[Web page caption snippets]
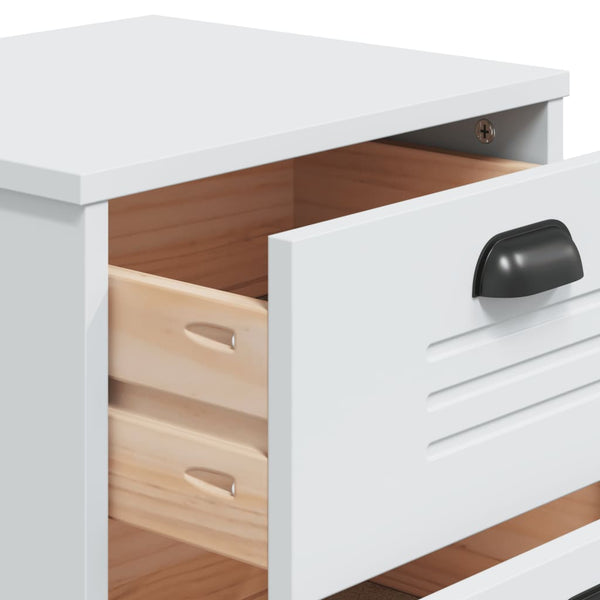 Nachttisch weiß Viken Yuksel (Holz)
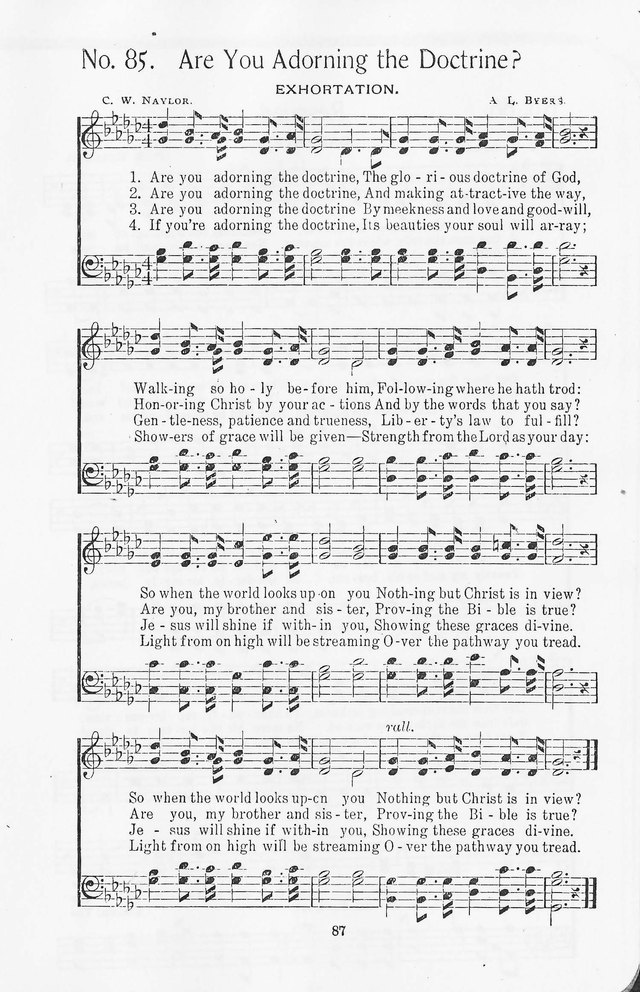Truth in Song: for General Gospel Work page 85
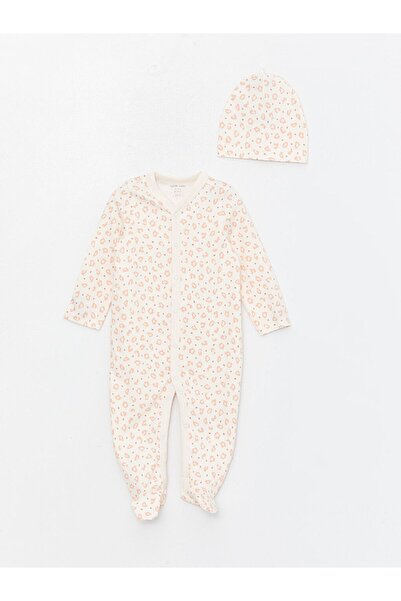 LC Waikiki Bisiklet Yaka Kız Bebek Hastane Çıkış Seti 4'lü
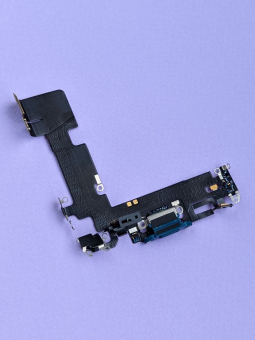 Шлейф порт зарядки нижній Apple iPhone 13 оригінал (синій конектор)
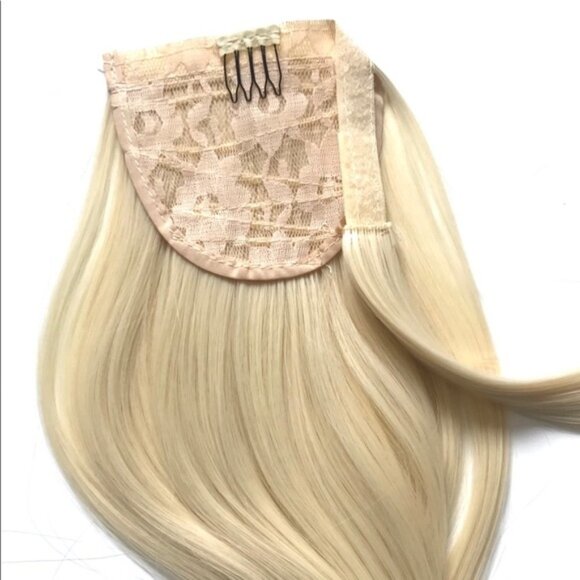 NEW Silky straight blonde ponytail hair ex… - Picture 2 of 4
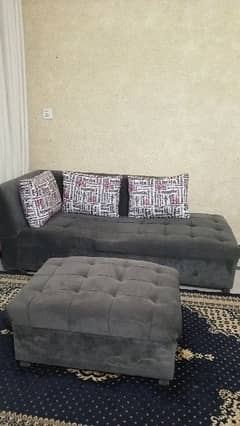 7 seater L shaped sofa set, price slightly negotiate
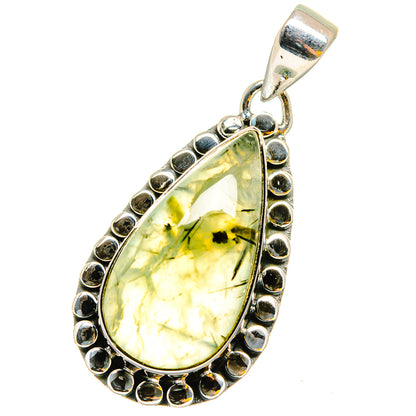 Prehnite Pendants handcrafted by Ana Silver Co - PD13132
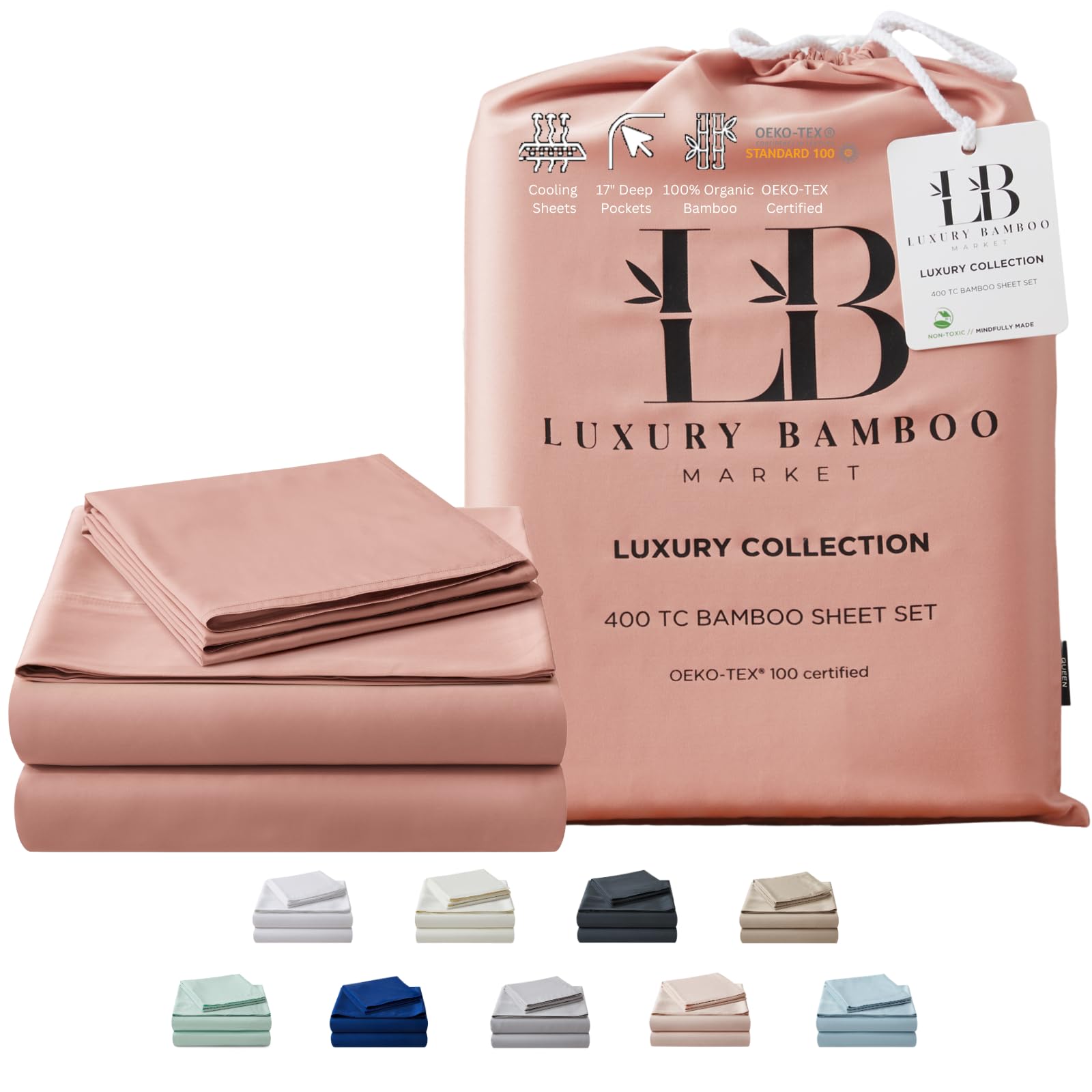 King Size Bed Sheet Set | 100% Viscose Made from Bamboo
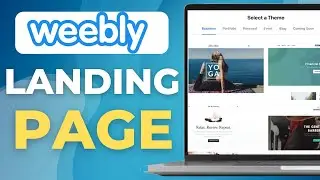 🎯 ПОСАДОЧНАЯ СТРАНИЦА WEEBLY | Как создать бесплатную целевую страницу | Учебное пособие по Weebl...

What to work on |
Every line from the one containing "NEW Silky straight" through the end of the entries above, both included, should be extracted exactly, with pictures left out.

Exercise solution |
 NEW Silky straight blonde ponytail hair ex… - Picture 2 of 4
 7 seater L shaped sofa set, price slightly negotiate
 Prehnite Pendants handcrafted by Ana Silver Co - PD13132
 King Size Bed Sheet Set | 100% Viscose Made from Bamboo
 🎯 ПОСАДОЧНАЯ СТРАНИЦА WEEBLY | Как создать бесплатную целевую страницу | Учебное пособие по Weebl...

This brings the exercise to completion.